Zehn Jahre ist es bereits her, als die Moto Guzzi-Fangemeinde dachte, nicht mehr nur träumen zu müssen. Denn im Jahr 2002 stand sie auf der Intermot in München, die MGS/01. Die zur Realität gewordene Verkörperung des so sehnlich erwarteten Sportbikes aus Mandello del Lario. Doch es sollte wieder nicht sein. Bevor die Serienproduktion gestartet werden konnte, trudelte der Hersteller einmal mehr ins finanzielle Abseits, wurde im Jahr 2004 von der Piaggio-Gruppe übernommen - und das Projekt aufgegeben.
Giuseppe Ghezzi war damals schon dabei, gilt seit jenem Prototyp als Visionär im Lager der Guzzisti.
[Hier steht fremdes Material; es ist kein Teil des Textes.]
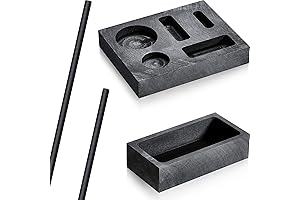 4 Pieces of Graphite Melting Accessories: A Complete Solution for Your Refining Needs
Und jene Idee eines Guzzi-Sportbikes hat ihn nicht mehr losgelassen. Genauso wie Stefano Perego, ein engagierter Guzzi-Händler aus der Nähe von Mailand. Zusammen gründeten sie die Manufaktur Millepercento (www.millepercento-.it), übersetzt: 1000 Prozent. Das jüngste Ergebnis der Verbindung: die Millepercento Alba. Alba steht für Albacete, die Rennstrecke, auf der ein MGS/01-Prototyp den Klassensieg beim spanischen Langstrecken-WM-Lauf 2004 holte.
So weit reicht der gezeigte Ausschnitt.